Fracture development characteristics in carbonate reservoirs: insights from stress field simulation with a heterogeneous rock mechanics model and adaptive boundaries

Structural fractures serve as critical storage and flow pathways in carbonate reservoirs, with their development directly governing hydrocarbon enrichment and fluid migration. However, prediction accuracy is often limited by the simplified treatment inherent in traditional homogenized models, hindering the exploration of deep carbonate reservoirs. Focusing on the Ordovician fractured reservoirs within the deep coverage area of the Tahe Oilfield, Tarim Basin, this study constructs a 3D heterogeneous rock mechanical model. Integrated with an adaptive boundary constraint algorithm, high‑precision paleo‑stress field simulations are conducted for the Middle Caledonian, Early Hercynian, and Neotectonic periods. Fracture development intensity is quantitatively predicted based on rock failure criteria and validated against core observations and production data.
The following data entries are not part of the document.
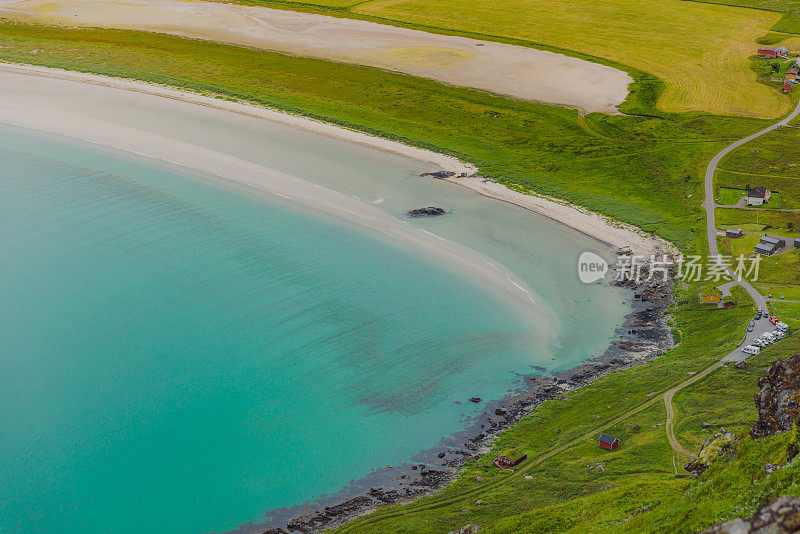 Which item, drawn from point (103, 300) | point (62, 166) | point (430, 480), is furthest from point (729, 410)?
point (62, 166)

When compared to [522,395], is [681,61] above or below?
above

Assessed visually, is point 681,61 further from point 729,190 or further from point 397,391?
point 397,391

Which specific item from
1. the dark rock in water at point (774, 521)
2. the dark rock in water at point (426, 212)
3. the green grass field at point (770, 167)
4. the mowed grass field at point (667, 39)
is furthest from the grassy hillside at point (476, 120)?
the dark rock in water at point (774, 521)

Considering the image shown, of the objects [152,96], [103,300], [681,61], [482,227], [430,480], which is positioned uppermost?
[681,61]

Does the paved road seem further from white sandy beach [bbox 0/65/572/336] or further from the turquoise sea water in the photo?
white sandy beach [bbox 0/65/572/336]

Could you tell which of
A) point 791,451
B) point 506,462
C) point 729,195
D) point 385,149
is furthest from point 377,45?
point 791,451

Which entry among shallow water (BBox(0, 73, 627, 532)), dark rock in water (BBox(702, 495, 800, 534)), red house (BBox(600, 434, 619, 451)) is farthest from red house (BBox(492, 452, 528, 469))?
dark rock in water (BBox(702, 495, 800, 534))

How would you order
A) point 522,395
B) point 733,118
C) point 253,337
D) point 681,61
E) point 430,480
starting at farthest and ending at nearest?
point 681,61 → point 733,118 → point 253,337 → point 522,395 → point 430,480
The results demonstrate that: (1) The heterogeneous rock mechanical model coupled with adaptive boundary conditions significantly improves the reliability of stress field simulations. (2) Fracture development exhibits a strong correlation with the paleo‑stress field, with fractures predominantly concentrated around fault peripheries, tips, and intersections. (3) Fracture intensity shows a pronounced positive correlation with both the horizontal stress difference (∆ σ _h ) and the stress heterogeneity coefficient ( k ); this correlation strengthens markedly once these parameters exceed certain thresholds. (4) Predicted fracture linear density matches well with cumulative oil production from individual wells, confirming that the fracture system is a key controlling factor for hydrocarbon enrichment in deeply buried carbonate reservoirs. This study provides a robust methodological framework and practical guidance for quantitative fracture prediction and efficient exploration in carbonate reservoirs.